Yes, we've read this as well. I've personally tried it in the sun as a preliminary "test." I was working in the yard one morning and I applied it to one shoulder, and then nothing on the other. It seemed like the shoulder with the raspberry seed oil was more burned than the other. So, don't know if maybe it rubbed off or if perhaps its spf properties are exaggerated or untrue. I did try it on my face another time and it did seem to work a little there...but it's hard to say one way or another without actually sending it out for spf testing in a lab setting.

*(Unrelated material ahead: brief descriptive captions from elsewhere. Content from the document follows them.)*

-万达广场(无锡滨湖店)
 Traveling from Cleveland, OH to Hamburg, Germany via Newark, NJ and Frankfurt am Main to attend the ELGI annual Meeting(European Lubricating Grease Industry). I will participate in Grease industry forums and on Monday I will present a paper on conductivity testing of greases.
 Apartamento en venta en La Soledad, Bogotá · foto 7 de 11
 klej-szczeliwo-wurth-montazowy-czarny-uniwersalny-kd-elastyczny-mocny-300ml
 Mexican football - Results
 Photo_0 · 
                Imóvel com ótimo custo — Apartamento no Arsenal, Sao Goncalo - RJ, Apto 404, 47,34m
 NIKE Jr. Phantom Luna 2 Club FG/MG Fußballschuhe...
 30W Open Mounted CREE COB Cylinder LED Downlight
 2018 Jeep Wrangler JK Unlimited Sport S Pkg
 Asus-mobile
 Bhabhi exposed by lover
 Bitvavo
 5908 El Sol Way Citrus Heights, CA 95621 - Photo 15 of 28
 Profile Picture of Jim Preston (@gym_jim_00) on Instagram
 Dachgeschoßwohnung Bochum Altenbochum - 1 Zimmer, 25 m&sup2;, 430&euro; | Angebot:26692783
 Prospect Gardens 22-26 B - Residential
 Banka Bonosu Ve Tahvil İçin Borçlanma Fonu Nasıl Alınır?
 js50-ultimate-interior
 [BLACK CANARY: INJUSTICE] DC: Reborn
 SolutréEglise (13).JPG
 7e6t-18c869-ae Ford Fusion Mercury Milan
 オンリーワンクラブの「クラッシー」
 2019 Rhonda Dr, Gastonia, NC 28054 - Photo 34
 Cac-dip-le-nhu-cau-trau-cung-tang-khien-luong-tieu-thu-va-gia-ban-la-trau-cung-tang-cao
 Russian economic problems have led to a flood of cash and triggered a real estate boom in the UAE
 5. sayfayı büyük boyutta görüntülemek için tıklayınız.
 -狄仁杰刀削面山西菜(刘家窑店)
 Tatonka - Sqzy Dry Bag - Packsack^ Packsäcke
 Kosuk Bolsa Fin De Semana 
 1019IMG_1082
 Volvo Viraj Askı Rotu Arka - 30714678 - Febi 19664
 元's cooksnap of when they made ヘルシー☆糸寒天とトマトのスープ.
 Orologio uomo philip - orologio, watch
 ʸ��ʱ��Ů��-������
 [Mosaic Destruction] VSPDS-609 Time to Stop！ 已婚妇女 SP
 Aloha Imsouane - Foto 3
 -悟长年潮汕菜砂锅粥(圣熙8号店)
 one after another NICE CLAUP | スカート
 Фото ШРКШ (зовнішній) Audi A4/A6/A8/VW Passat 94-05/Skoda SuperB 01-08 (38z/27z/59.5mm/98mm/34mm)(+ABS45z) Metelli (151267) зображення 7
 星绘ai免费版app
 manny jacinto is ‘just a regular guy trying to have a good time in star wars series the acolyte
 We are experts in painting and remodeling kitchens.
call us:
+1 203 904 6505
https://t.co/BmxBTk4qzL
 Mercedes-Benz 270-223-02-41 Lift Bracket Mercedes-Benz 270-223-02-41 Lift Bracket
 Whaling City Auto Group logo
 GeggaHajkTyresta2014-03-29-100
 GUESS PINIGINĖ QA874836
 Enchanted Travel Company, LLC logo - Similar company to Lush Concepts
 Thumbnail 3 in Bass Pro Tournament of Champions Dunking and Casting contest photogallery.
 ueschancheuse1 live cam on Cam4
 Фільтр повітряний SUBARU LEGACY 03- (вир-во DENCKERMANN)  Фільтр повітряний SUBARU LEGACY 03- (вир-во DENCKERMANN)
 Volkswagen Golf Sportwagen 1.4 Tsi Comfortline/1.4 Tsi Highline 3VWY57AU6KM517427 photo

From a legal standpoint, sunscreens are classified as drugs. So, they must have active ingredients that are on the approved list. Raspberry seed oil is not on that approved list, and it takes literally about a million dollars worth of research and legal fees to get an "active" on the approved list. So, even if it does have some kind of spf, it would take the backing of a large company to get it approved...and then to recoup their investment, they would have to sell millions of units of sunscreen to earn their money back. Well...the world's red raspberry seed oil really isn't available in such a quantity, and it's highly expensive, and it really doesn't have a shelf life that large manufacturers consider to be acceptable (they need at least 3 years) so it can't really be used at such a scale that a company would be able to make their money back by getting it approved...so, it continues to be an ingredient with a rumored spf, but that will likely never become an active sunscreen ingredient.
The internet sites that state the spf of red raspberry seed oil are all based on one study done in 2000. I have read the study and it appears to be credible...however, much more needs to be known and studied before any definitive spf can be attributed to the oil.
As for if it's safe as a face and body oil--absolutely! It is very high in antioxidants and is fabulous for your skin.